OTTAWA, Feb. 2 /CNW/ - A review of Canadian data by the nation's leading lung specialists has provided the factual evidence to support what respirologists across the country have been suspecting for some time. Shockingly, more people are being admitted to Canadian hospitals each year with chronic obstructive pulmonary disease (COPD) than any other major chronic illness (including heart attacks) and that number has been increasing dramatically in recent years.(i)

A new report released today by the Canadian Thoracic Society (CTS), entitled The Human and Economic Burden of COPD: A Leading Cause of Hospital Admission in Canada, is timely given the annual spike in hospitalizations due to lung infections each winter.

"Anecdotally, we've known for some time that we're seeing a lot of COPD patients being admitted to our hospitals," says Dr. Darcy Marciniuk, Chair, Canadian Thoracic Society COPD Committee and Respirologist at the University of Saskatchewan. "Perhaps what's most concerning, is that the report shows patients frequently being admitted more than once. In fact, 18 per cent were admitted twice, and a further 14 per cent were admitted at least three times within the same year."(i)

A serious threat

COPD affects both men and women, is growing in prevalence - the only leading cause of death to do so - and is now the fourth leading cause of death in Canada.(ii),(iii) It is a progressive lung disease that, over time, makes it hard to breathe. A person with COPD can experience a flare-up or exacerbation of their symptoms caused by everyday things as simple as catching a cold or flu, or going outside on a very cold day.

"What many people don't realize is that COPD flare-ups can be very serious - leading to hospitalization and even death. I refer to flare-ups as 'lung attacks' because like the effect a heart attack has on the heart, a COPD lung attack causes significant and lasting damage to the lungs," says Dr.
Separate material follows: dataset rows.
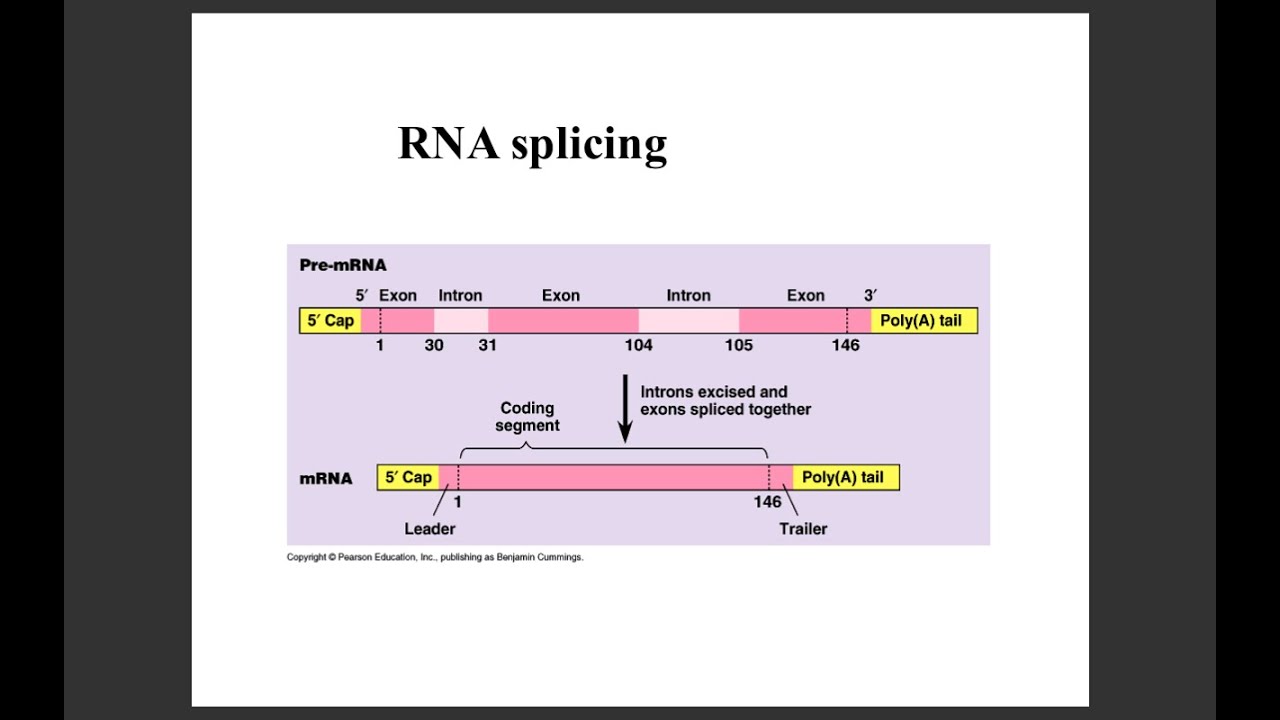 Lecture 16 mRNA splicing Part1 - YouTube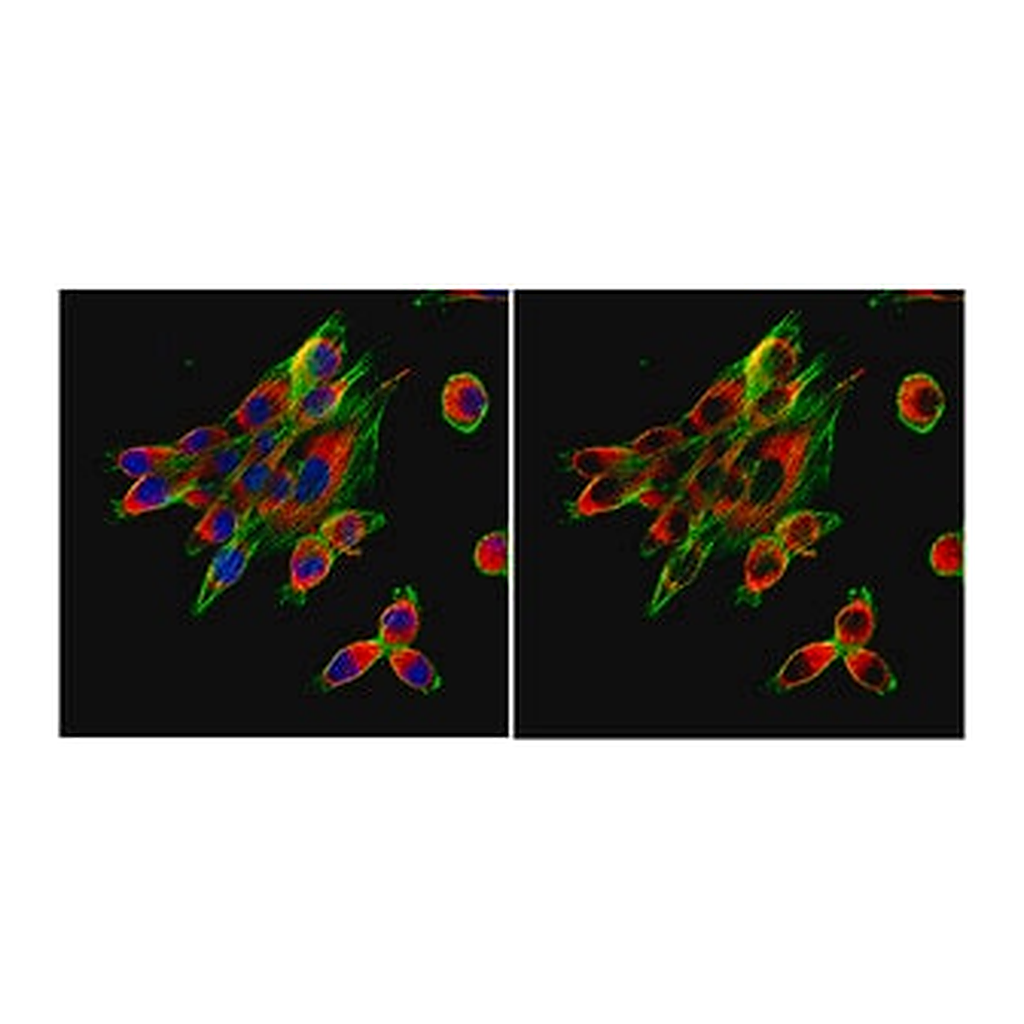 Merck Anti-Calnexin Antibody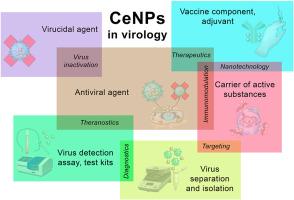 CeO2 nanoparticles and cerium species as antiviral agents: Critical review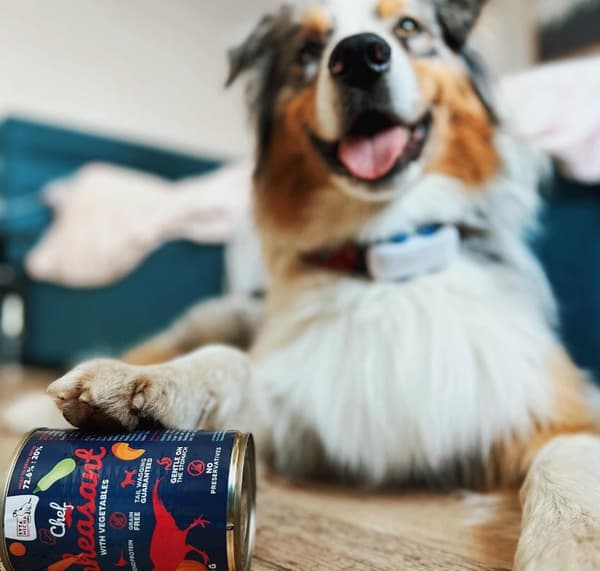 Vådfoder til hunde CHEF Fasan med grøntsager PREMIUM Syta Micha monoprotein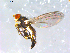  (Cerodontha n.sp - 10PROBE-12669)  @11 [ ] CreativeCommons - Attribution (2011) CBG Photography Group Centre for Biodiversity Genomics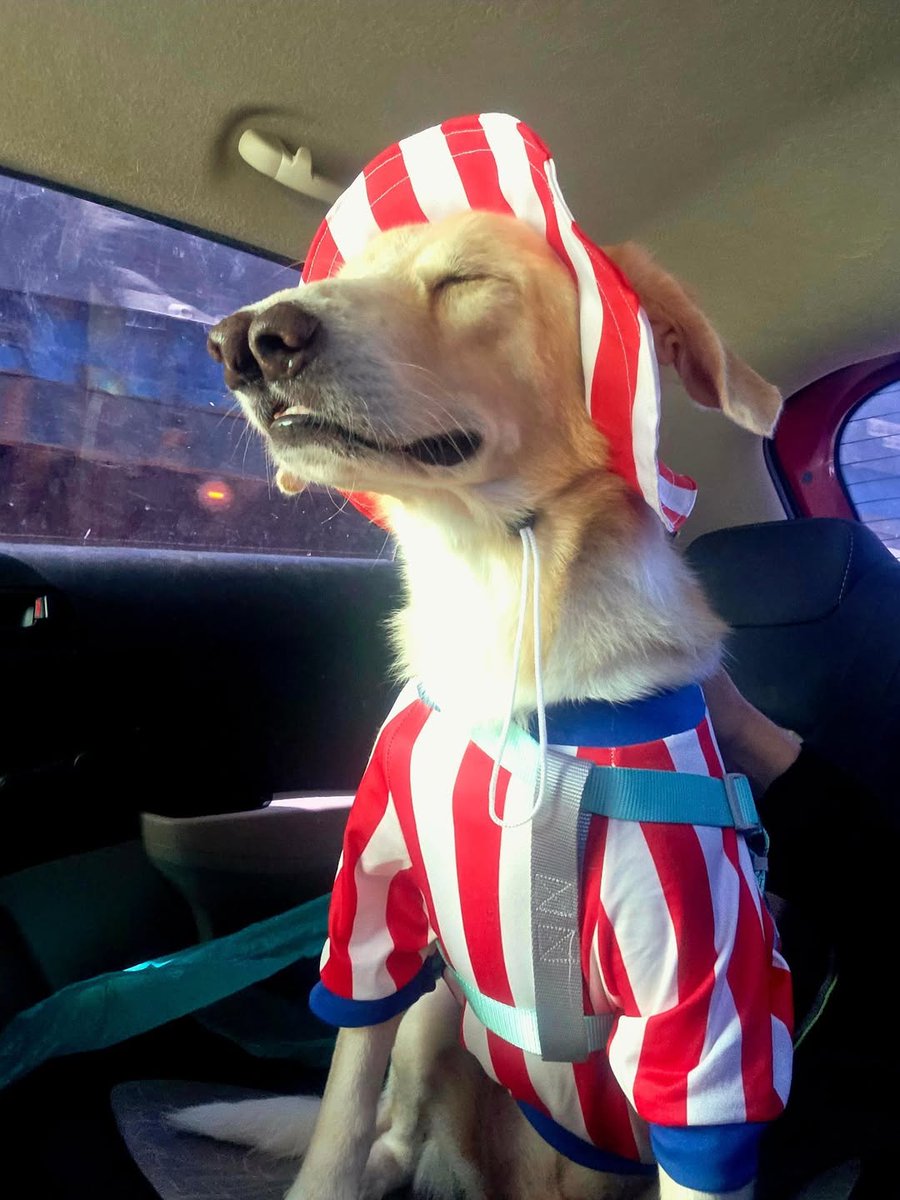 ▶️ YA TENEMOS NOVIO DEL MUNDIAL | 🐶🇵🇾

Joaquín, un perrito rescatado de Huellitas Paraguay, se volvió viral tras posar facherísimo con la camiseta de la Albirroja.

😍 En redes ya lo bautizaron como el “novio del Mundial” y hasta bromearon con preguntarle a Larissa Riquelme si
Jean Bourbeau, Respirologist and Director of Respiratory Epidemiology and Clinical Research Unit at the Montreal Chest Institute, Quebec.

Weighing the human and financial burden

Once someone is admitted to the hospital for a COPD lung attack, they spend an average of 10 days there, with an average cost of $10,000 per stay.(iv) In fact, COPD lung attacks are the most costly of all reasons for hospitalization, and COPD as a whole could cost the Canadian healthcare system as much as $1.5 billion per year, according to recent estimates.(iv)

But the human toll of the disease far exceeds any financial cost, as Judith Farley knows all too well. "COPD is clearly a debilitating disease. Having to rely on several medications plus oxygen 24 hours per day does limit one's physical abilities. The psychological impact is very difficult to manage as well. It can be quite frightening when one is not able to breathe on the way to hospital by ambulance with a COPD lung attack. I've required hospitalization in the past and probably will again in the future."

Prevention is the best medicine

The real tragedy is that COPD is preventable and treatable, but many people remain undiagnosed. While being checked and diagnosed early is the best way to slow progression of the disease, it is treatable at any stage.

"People can lead long, active lives with COPD if it's detected and treated," says Dr. Ronald Grossman, Respirologist and Chief of Medicine at Credit Valley Hospital, Mississauga, Ontario. "Patients can play a large role in taking control of their health by ensuring that they take medications as prescribed, follow their doctor's advice about vaccinations for flu and pneumonia, quit smoking, and engage in regular physical activity."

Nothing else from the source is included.